In response to:

Conrad's Darkness from the October 17, 1974 issue

To the Editors:

In your issue of October 17, 1974, there appears a “critical” article on “Conrad’s Darkness” by V.S. Naipaul, who, in commenting on Conrad’s obscurity, seems guilty of a certain opacity of his own, the inability to read what Conrad wrote.

The long descriptive passage quoted on your page 18, beginning “The all but moribund veteran of dynamite wars had been a great actor in his time,” and ending, “The shadow of his evil gift clung to him yet like the smell of a deadly drug in an old vial of poison, emptied now, useless, ready to be thrown away upon the rubbish-heap of things that had served their time,” (Doubleday Anchor ed., p. 51, my italics) is said by Naipaul to refer to Ossipon (“This is Ossipon.”), Conrad’s young and superstitious ex-medical student who believes in the modish quack “scientific” phrenologist Lombroso.
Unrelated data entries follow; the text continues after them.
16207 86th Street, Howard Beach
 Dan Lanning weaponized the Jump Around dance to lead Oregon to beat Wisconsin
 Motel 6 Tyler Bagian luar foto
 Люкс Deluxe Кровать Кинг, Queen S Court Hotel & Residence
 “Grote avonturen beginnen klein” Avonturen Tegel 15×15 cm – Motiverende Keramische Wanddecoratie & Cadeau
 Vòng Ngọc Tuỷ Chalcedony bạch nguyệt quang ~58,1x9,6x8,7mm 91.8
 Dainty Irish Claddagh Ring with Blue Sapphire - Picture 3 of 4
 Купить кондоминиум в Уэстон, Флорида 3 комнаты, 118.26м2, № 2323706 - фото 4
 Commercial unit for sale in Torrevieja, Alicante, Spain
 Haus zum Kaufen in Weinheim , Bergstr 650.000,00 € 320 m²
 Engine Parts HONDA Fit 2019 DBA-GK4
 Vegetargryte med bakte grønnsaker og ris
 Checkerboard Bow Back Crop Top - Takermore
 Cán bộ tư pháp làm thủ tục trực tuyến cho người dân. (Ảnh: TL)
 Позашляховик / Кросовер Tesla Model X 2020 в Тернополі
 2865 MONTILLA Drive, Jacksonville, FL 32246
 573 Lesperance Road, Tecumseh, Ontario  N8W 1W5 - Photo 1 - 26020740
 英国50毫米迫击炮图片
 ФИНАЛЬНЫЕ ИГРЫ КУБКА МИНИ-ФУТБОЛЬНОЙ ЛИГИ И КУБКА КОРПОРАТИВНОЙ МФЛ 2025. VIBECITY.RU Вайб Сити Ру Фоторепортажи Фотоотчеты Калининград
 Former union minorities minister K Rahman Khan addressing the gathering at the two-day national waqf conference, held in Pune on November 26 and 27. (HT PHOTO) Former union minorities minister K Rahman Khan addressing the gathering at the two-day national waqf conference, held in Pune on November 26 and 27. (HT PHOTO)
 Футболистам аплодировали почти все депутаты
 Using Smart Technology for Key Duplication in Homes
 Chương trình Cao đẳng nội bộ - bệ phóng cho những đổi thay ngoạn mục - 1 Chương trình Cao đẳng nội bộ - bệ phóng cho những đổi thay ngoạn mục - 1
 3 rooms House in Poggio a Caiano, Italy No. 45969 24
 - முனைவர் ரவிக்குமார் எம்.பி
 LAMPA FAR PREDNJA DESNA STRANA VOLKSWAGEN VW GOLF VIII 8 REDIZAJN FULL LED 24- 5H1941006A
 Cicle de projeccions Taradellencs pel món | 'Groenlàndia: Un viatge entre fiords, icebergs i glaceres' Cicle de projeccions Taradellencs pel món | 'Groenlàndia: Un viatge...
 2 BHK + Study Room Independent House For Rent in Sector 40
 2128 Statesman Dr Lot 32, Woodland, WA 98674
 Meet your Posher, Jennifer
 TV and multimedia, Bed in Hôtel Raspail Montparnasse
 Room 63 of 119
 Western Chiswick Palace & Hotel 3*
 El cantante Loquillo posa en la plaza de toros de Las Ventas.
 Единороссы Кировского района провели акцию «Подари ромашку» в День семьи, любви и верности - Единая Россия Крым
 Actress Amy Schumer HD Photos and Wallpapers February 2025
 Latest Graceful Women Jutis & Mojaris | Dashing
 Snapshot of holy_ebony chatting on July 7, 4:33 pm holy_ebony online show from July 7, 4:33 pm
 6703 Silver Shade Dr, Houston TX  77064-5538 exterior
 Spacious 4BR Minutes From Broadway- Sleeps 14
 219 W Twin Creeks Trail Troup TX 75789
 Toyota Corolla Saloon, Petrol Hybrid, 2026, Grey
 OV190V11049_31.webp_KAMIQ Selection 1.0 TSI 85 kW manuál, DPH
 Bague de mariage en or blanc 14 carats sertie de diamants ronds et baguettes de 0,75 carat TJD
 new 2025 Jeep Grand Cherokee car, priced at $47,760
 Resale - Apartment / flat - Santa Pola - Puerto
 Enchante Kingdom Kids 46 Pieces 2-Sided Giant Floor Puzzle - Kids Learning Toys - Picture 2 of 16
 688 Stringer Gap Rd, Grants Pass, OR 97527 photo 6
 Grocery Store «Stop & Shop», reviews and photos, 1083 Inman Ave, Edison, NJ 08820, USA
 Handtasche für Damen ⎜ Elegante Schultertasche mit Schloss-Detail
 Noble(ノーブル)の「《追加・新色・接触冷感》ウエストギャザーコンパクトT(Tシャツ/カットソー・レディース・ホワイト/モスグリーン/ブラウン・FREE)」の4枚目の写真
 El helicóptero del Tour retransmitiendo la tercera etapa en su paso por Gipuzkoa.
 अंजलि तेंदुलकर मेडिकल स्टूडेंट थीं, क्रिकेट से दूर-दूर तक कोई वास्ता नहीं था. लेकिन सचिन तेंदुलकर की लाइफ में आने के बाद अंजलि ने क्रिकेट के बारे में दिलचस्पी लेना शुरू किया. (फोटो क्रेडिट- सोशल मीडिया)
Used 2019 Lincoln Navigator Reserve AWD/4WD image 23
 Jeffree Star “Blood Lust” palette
The hell it does. Clearly, from the context, the passage describes his adversary in their discussion of revolutionary theory, the fraudulent old “terrorist,” Yundt, who scoffs at the idealist Lombroso, but has never thrown a real bomb in his prolonged and futile life….

Charles O. McDonald

University of Cincinnati

Cincinnati, Ohio

V. S Naipaul replies:

Mr. McDonald is right. The error is unforgivable.